» Exercise objective
Below are the entries. Transcribe exactly the lines from the one with "854_06 - Ostrov.indd" through the one with "appartement rouen 76000", ends included, and leave out all others.

» Task inputs
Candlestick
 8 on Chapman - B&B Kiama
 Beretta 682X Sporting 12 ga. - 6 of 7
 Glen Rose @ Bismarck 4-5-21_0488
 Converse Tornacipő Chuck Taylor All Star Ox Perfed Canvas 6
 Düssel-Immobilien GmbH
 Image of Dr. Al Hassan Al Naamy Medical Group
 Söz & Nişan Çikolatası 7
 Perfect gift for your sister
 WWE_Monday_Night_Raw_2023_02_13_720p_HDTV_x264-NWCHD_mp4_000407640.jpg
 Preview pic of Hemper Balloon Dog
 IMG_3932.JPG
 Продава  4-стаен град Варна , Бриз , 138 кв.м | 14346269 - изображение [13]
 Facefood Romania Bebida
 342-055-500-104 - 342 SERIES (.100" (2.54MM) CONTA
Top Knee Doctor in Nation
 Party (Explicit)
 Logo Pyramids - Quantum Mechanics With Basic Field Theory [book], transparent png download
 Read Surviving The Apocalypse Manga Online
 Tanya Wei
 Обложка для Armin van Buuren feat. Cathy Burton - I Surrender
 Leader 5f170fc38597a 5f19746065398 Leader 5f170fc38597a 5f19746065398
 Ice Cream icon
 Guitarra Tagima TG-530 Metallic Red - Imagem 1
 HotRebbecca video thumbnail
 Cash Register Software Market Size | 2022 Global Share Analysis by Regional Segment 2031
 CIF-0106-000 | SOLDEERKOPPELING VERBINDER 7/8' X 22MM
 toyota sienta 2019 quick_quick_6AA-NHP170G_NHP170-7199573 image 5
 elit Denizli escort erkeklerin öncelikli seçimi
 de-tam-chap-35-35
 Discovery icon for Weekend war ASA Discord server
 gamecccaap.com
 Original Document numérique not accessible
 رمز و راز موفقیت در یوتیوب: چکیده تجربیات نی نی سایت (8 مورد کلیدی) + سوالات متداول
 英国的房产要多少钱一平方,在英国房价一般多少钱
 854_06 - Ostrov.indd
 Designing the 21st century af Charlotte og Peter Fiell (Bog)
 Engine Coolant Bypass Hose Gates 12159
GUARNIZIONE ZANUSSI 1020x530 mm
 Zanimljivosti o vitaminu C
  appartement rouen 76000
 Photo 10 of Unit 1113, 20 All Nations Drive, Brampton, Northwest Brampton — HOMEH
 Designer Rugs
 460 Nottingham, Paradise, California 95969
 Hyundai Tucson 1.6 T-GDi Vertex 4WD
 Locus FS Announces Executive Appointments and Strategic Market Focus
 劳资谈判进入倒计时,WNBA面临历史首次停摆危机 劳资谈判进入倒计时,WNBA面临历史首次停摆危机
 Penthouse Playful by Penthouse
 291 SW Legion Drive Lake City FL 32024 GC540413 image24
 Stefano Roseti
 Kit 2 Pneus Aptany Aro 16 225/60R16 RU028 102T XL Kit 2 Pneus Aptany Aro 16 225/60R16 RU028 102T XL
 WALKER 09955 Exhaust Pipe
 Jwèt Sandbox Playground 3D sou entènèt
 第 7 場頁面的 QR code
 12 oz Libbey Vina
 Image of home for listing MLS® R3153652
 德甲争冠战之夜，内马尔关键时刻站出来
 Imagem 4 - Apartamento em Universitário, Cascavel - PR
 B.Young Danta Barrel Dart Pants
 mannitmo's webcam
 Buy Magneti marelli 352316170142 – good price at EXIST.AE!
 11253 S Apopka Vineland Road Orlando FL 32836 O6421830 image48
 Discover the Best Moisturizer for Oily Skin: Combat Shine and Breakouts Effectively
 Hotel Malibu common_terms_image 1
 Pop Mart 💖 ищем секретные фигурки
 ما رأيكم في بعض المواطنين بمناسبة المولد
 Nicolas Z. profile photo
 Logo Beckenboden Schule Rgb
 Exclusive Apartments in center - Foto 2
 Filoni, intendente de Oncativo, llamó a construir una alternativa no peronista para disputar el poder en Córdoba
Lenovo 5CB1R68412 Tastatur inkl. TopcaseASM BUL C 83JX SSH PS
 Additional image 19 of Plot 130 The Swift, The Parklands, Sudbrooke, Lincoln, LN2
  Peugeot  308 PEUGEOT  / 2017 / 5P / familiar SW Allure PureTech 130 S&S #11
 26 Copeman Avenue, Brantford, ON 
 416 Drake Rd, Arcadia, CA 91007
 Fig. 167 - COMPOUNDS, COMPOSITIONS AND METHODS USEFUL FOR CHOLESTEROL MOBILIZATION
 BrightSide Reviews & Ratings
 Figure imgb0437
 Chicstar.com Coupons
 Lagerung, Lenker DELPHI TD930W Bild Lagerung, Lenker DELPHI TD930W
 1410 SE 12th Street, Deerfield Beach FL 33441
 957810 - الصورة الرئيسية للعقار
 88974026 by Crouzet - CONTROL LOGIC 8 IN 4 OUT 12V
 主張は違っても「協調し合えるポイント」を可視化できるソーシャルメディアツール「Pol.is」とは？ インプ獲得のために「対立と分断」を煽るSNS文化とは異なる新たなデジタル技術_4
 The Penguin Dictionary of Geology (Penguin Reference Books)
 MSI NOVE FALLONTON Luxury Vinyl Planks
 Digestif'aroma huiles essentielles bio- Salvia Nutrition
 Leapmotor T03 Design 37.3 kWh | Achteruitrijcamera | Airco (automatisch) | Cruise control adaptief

» Answer below
 854_06 - Ostrov.indd
 Designing the 21st century af Charlotte og Peter Fiell (Bog)
 Engine Coolant Bypass Hose Gates 12159
GUARNIZIONE ZANUSSI 1020x530 mm
 Zanimljivosti o vitaminu C
  appartement rouen 76000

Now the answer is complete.